Hmmm....to the best of my knowledge, there are no rules here about disagreeing with other members, as long as it is done in a civil manner. If we all agreed on everything, this would be a boring and mostly useless place, IMO. As long as we can avoid "That's stupid...," or, "You obviously have no idea what you're talking about...," and other opinions about _members_ instead of issues, we'll be fine.


----------



## Rasputina (May 6, 2009)

NogDog said:


> My question is, is everyone who has used a touch-screen and liked it ever used one that was not self-illuminated? I ask because I wonder if fingerprints/smudges would be more of an issue with an e-ink screen like the Kindle's, since the light source would have to travel through the print from the outside first, which can cause both initial reflections off of the print plus shadows on the display surface, and then the reflected light off of the actual text would be filtered a second time through the print. So theoretically any finger-print/smudge might be twice as annoying as it would be on a self-illuminated display.
> 
> Again, I'm just asking and theorizing, since I've never used an e-ink-type touch screen (if there is such a thing).
> 
> From a marketing viewpoint, I'm sure that if Amazon or whoever else can come up with touch screen e-book reader that works well, does not smudge too easily, and is durable enough that they won't be getting too many demands for returns or class action suits, then they'll come out with it when they can achieve an appropriate price point with it.


I haven't seen a touch screen that isn't self-illuminated so far. Not in person. Since I can't even see fingerprints on my iphone except when it's turned off and therefor not illuminated I'd venture that you are correct and that non illuminated makes fingerprints stand out. At least that is my experience.


----------



## Rasputina (May 6, 2009)

jmiked said:


> Quite true. I have not seen an eInk touch screen. I may change my stance after I have. It could be awful.
> 
> I'll wager that if we had an eInk touch screen we could get two people looking at it at the same time and one would say "See it works just fine," and the other would say "That the most horrible thing I've seen." Neither opinion represents the actual device.

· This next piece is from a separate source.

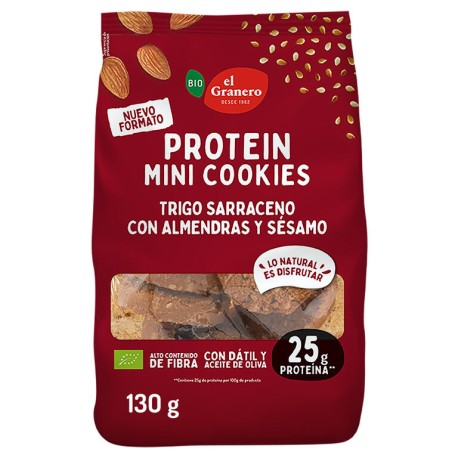 Galletas cookies protein almendra y sésamo bio 130 g el granero integral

they need to work out the crappy contrast of e-ink before I'll be interested


----------



## Scheherazade (Apr 11, 2009)

Cat said:


> Now, now, people, the disagreeing on this thread has been going on since _last night_. I almost said something then, but since it's still going on, please be forewarned that the mods may close a thread where there is a disagreement going on. In fact, I've been wondering why they haven't already, or at least come in and posted a warning. They don't like that someone(s) may _possibly_ take offense, I guess. Now behave, put on your smiley faces, and continue with NO discussion that _might, maybe, possibly_ cause someone to take offense.

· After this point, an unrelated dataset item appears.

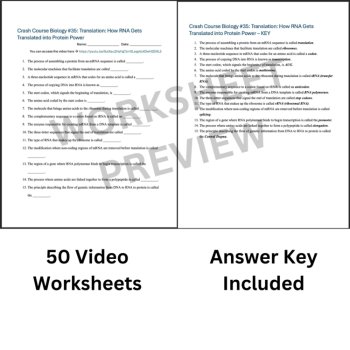 Crash Course BIOLOGY #35: Translation: RNA into Protein Power | Worksheet | Sub, image 3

Eh, I love a good debate. I just don't think it should be taken to a personal level. Debate the topic at hand, not people's intelligence or intentions or make presumptions about what they do or don't know or have or haven't experienced. That was my only point. I -definitely- see the reason people would want touch screens... I even see a real need for them. I just don't think the technology is there yet. Nogdog kinda hit the nail on the head. Most touch screen devices are bearable because they're backlit. If they can make a smudgeless touch screen that doesn't blur text or cause glare I'll be all over it. I still prefer physical keys for typing... but the Kindle keys are horrid enough that I would agree whole-heartedly that touch keys on the screen would be miles and away better. I just don't see how it's possible yet.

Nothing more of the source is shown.